Wendell Dingus wendell at bisonline.com
Tue Jul 28 15:34:04 UTC 2009


> I'd be very interested to know about the circumstances which led up to 
> this file getting into that state. Was it always a zero byte file, or 
> has it been truncated at some stage from some larger size? Was there a 
> prior fs crash at some time, or has the fs been otherwise reliable since 
> mkfs time? 
> 
> Anything that you can tell us about the history of this file would be 
> very interesting to know. 

Sure... This particular file was one that is recreated each night.
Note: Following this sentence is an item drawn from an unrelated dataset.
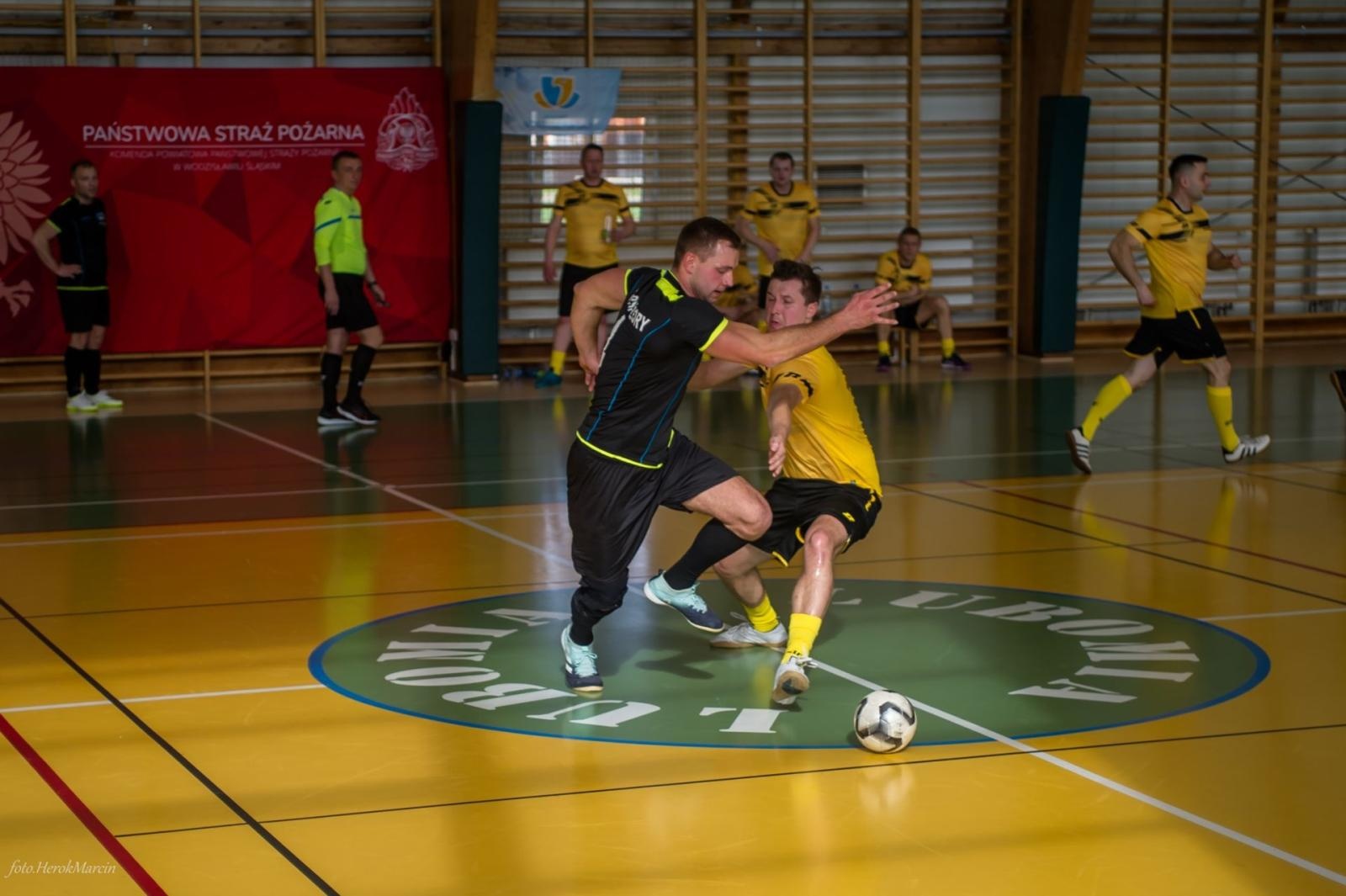 Zdjęcie w galerii na portalu naszwodzislaw.com: XXX Mistrzostwa Województwa Śląskiego Strażaków PSP w futsalu za nami wiadomości z regionu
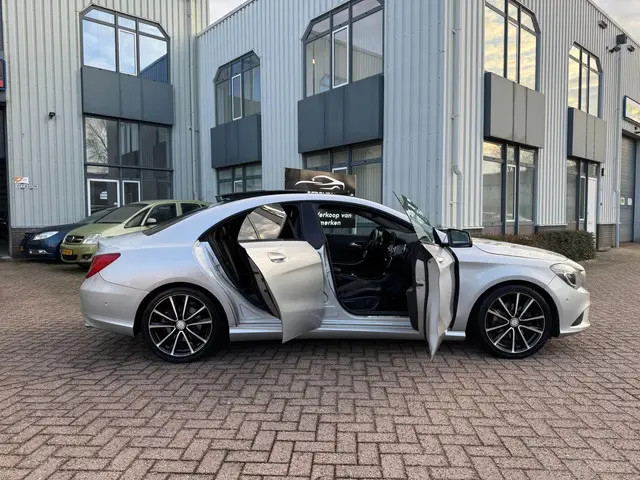 Mercedes-Benz CLA 200 Edition 1 PANO AUT!! 2013 Benzine 6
It's the
result of a find /path -print >file that starts back at zero bytes each
night and ends up with a list of filenames found in a particular directory.
It is ~150MB in size currently.

> Ideally it wouldn't crash. In reality there are cases where what we need 
> to do in order to recover from an error gracefully cannot be done in the 
> context in which the error has occurred. The context in this case 
> usually means the locks which are being held at the time. There is some 
> ongoing work to try and improve on this, particularly wrt to corrupt 
> on-disk structures. In some cases we can now just return -EIO to the 
> user and carry on rather than withdrawing from the cluster. 
> 
> The interesting thing in this case is that if the file is zero length, 
> it shouldn't have any indirect blocks at all, so it looks like the inode 
> height might have become corrupt. If you are able to save the metadata 
> from this fs, then that is something which we would find very helpful to 
> have a look at, 
> 
> Steve. 

This equipment was far less stable initially than I'd have liked. Except for
this oops we appear to be in pretty good shape now though. Physical hard 
power cycles happened many times during our initial setup. Which, while I'm 
on the subject, might be valuable to explain here along with what we did to
stabilize things. 

Three servers, a few large GFS2 filesystems, Xen kernels, CLVMD, RHCS 
controlling a bunch of VMs. We were having lots of problems with the cluster
becoming inquorate and nodes being fenced every time a non-member node booted
and joined. 

We figured out that as a machine booted and started networking, started cman
and related components, and started xend there were more pauses than there 
should be and the delay was long enough to trip RHCS into thinking a node
had died. So we did this, we renamed /etc/rd3.d/S98xend to S17xend. So that
xend would fire up and do the NIC moving/renaming before cluster suite.

Thanks.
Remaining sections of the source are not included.